B.C. Court of Appeal decision sets precedent for mass data breaches
The Court of Appeal for British Columbia has upheld the certification of a data breach class action whereby China-based hackers obtained personal information of a financial institution’s customers via an unencrypted database on the firm’s web server.
Speaking to The Lawyer’s Daily on the court’s ruling, privacy lawyer Molly Reynolds pointed out that even through the case was in B.C., it would still gain attention from privacy lawyers nationwide due to the limited cases Canada has seen regarding mass data breaches.
According to Molly, the case “puts some parameters around causes of action going forward,” although stakeholders in the privacy realm are still waiting for a privacy class action to be decided on the merits.
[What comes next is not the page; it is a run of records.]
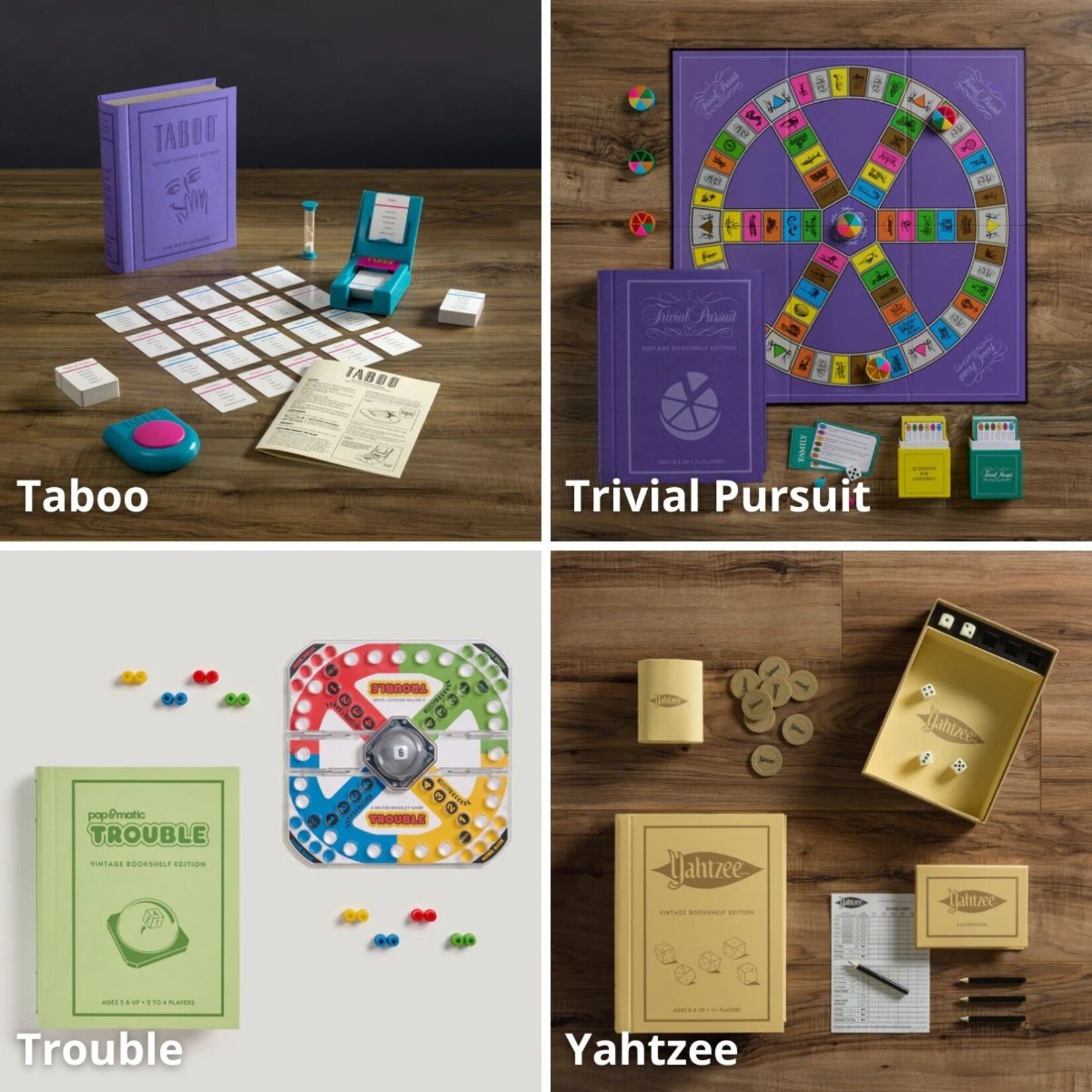 WS Game Company Vintage Bookshelf Board Game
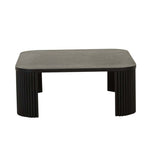 Benjamin Ripple Square Coffee Table - Matt Black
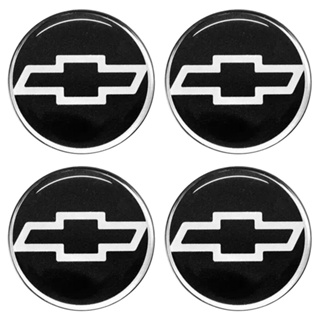 Jogo Emblema Calota Resinada Gm 48mm Preto/cromado em Oferta na Shopee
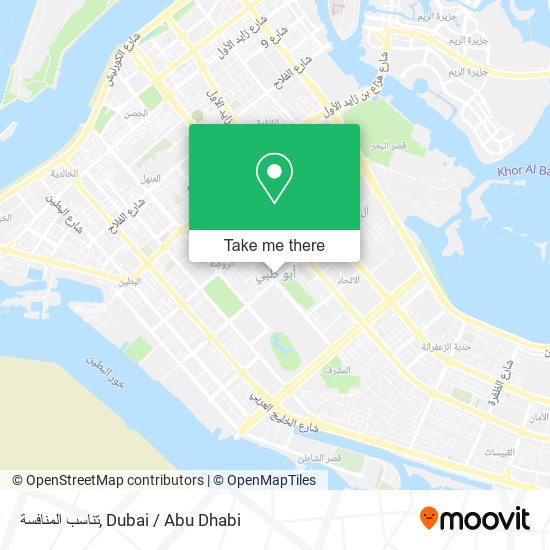 تناسب المنافسة map
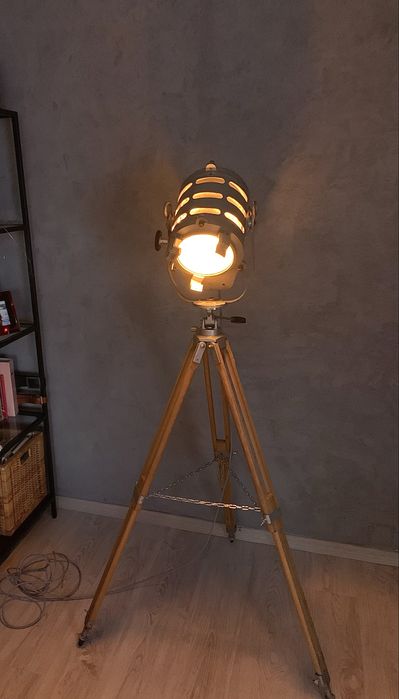 Lampa podlogowa PRL  Loft Vintage Glamour Boho Retro
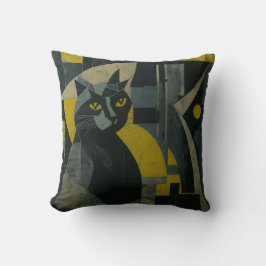 Cojín Decorativo vintage cat 12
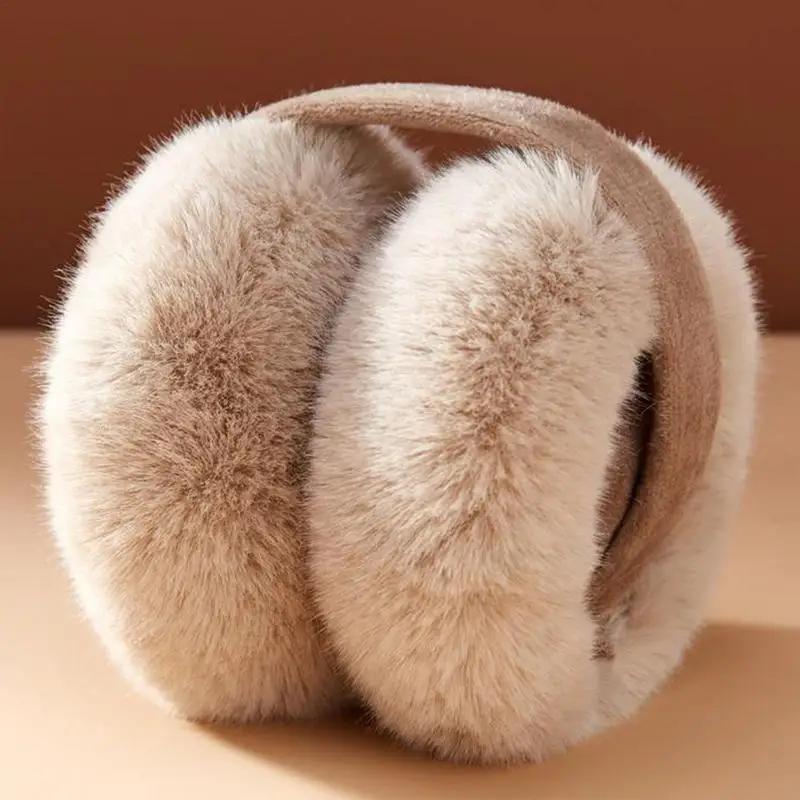 Women's Ear Muffs Fluffy Foldable Ear Warmers Removable Ear Protection Soft And Warm Ear Covers For Men Women And Kids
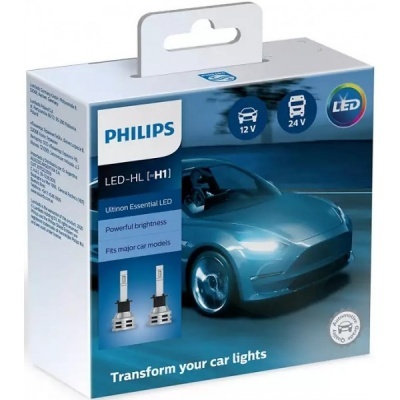 Caixa de lâmpadas LED para carros Philips LED-HL [H1]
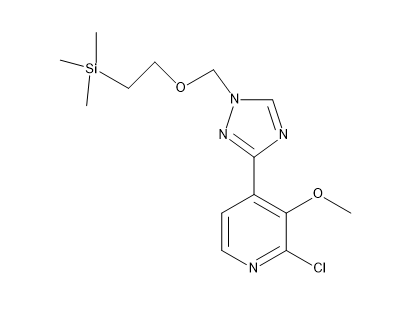 2-chloro-3-methoxy-4-(1-((2-(trimethylsilyl)ethoxy)methyl)-1H-1,2,4-triazol-3-yl)pyridine,2-chloro-3-methoxy-4-(1-((2-(trimethylsilyl)ethoxy)methyl)-1H-1,2,4-triazol-3-yl)pyridine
Molly noted that although most data breach cases plead privacy torts, many are likely to be decided under negligence claims when they get to trial, adding that this is an area of law that is significantly impacted by the rapid rate at which technology is evolving.
MORE: Read Molly Reynolds and Shalom Cumbo-Steinmetz’s piece that explores data breach class actions.
“When they go to trial, I think these breaches based on third-party hackers getting through the company system ultimately turn on the negligence claims,” she said.
“The issue will be whether systems were protected to the appropriate standard of care, and what that standard is. The interesting thing there is that the standard at the time of the breach will be very different from the time of the trial, because the technology is changing so quickly.”